We retrospectively evaluated patients who underwent either arthroscopic Bankart repair or open Latarjet procedure, having a minimum of 2-year follow-up. At the final follow-up, 41(male=32, female=9) patients in the Bankart group and 40(male=34 and female=6) patients in the Latarjet group were included in the study. Inclusion criteria were (1). Patients undergoing either arthroscopic Bankart repair with or without the remplissage procedure or open Latarjet procedure with a minimum follow-up of 2-year, and (2). All patients had an MRI and CT scan. The exclusion criteria were: (1). Revision surgery, (2). MRI and CT-scans were not available (3). Follow-up<2 years, (3). Associated with rotator cuff tears or SLAP lesions, (4). Previous surgery around the shoulder and (5) patients with neuromuscular disorders or epilepsy.

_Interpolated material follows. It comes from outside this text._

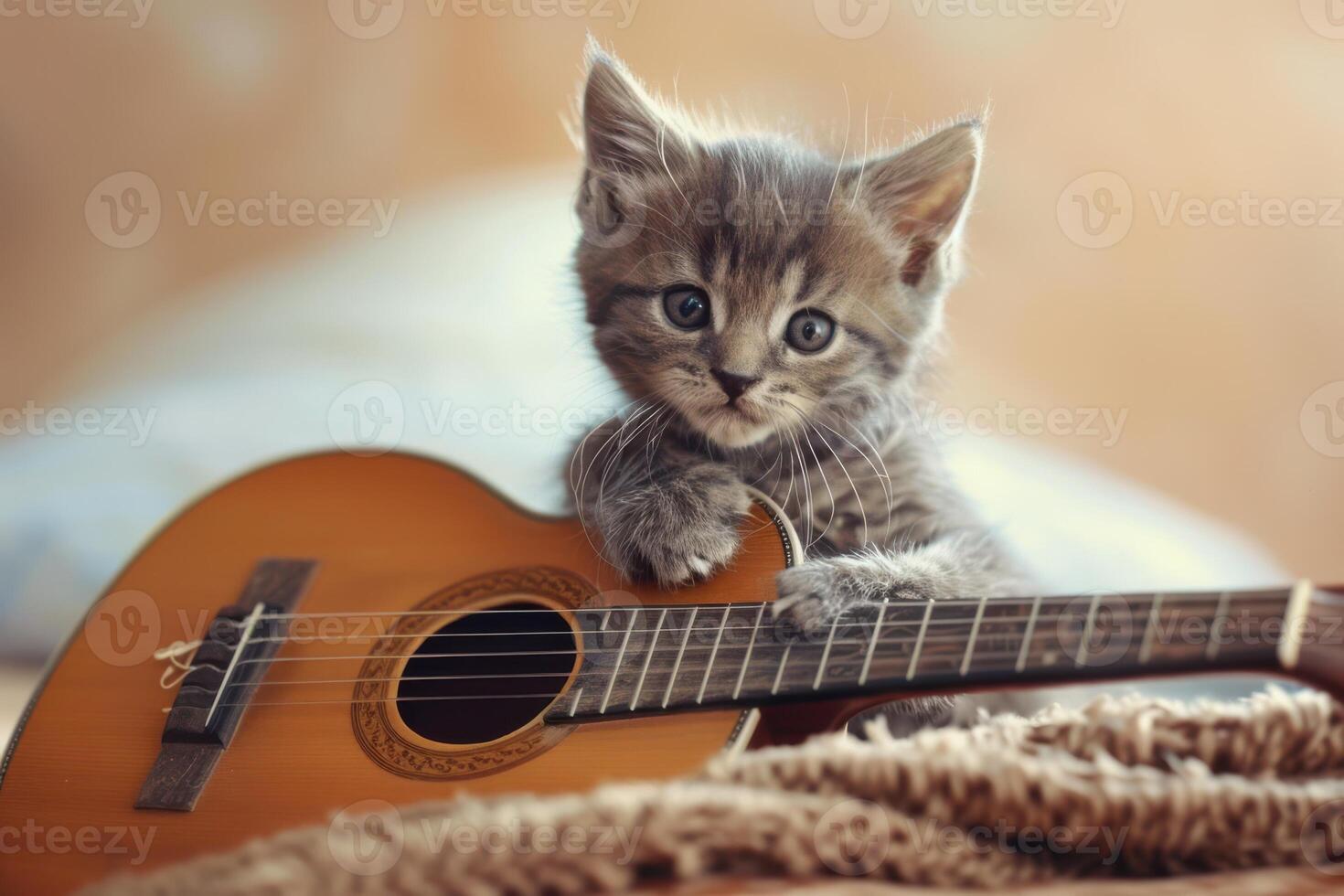 Cute Kitten Engaged with a Guitar, Capturing a Fun and Playful Scene Full of Joy photo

Clinical outcomes were assessed using the ASES score [1], Rowe score [2], and Quick DASH score [3]. A self-constructed scale that consisted of satisfied and dissatisfied was used to measure the level of satisfaction. Any complications, including infection or redislocation, were recorded at every follow-up visit. Relevant statistical tests, using SPSS, were performed for data analysis.

Results

The average ASES score was 85-points and 87-points in the Bankart group and Latarjet group, respectively (p=0.388). Similarly, the average Rowe score was 84-points and 89-points in the Bankart group and Latarjet group, respectively (p=0.211). Moreover, the average quick DASH score was 10-points and 9-points in the Bankart and Latarjet groups, respectively(p=0.713). The average external rotation was 83 degrees in the Bankart group and 85 degrees in the Latarjet group(p=0.140). One-hundred percent of the patients were cosmetically satisfied in the Bankart group, whereas only 32(80%) patients were cosmetically satisfied in the Latarjet group(p=0.002). There was a significantly higher operating cost for arthroscopic Bankart repair compared to the open Latarjet procedure(p<0.001). Three patients had a recurrence in the Bankart group, whereas no recurrence occurred in the Latarjet group.

Conclusion

Both procedures provided satisfactory clinical and functional outcomes. Bankart procedure was more expensive with 100% cosmetic satisfaction, whereas Latarjet procedure provided low recurrence with higher functional satisfaction.

Keywords
Arthroscopy, Bankart repair, Latarjet procedure

References
1. Michener LA, McClure PW, Sennett BJ. American Shoulder and Elbow Surgeons Standardized Shoulder Assessment Form, patient self-report section: reliability, validity, and responsiveness. J Shoulder Elbow Surg. 2002;11:587–94.
2. Rowe CR, Patel D, Southmayd WW. The Bankart procedure: a long-term end-result study. J Bone Joint Surg Am. 1978;60:1–16.
3. Hudak PL, Amadio PC, Bombardier C. Development of an upper extremity outcome measure: the DASH (disabilities of the arm, shoulder and hand) [corrected]. The Upper Extremity Collaborative Group (UECG). Am J Ind Med. 1996;29:602–8.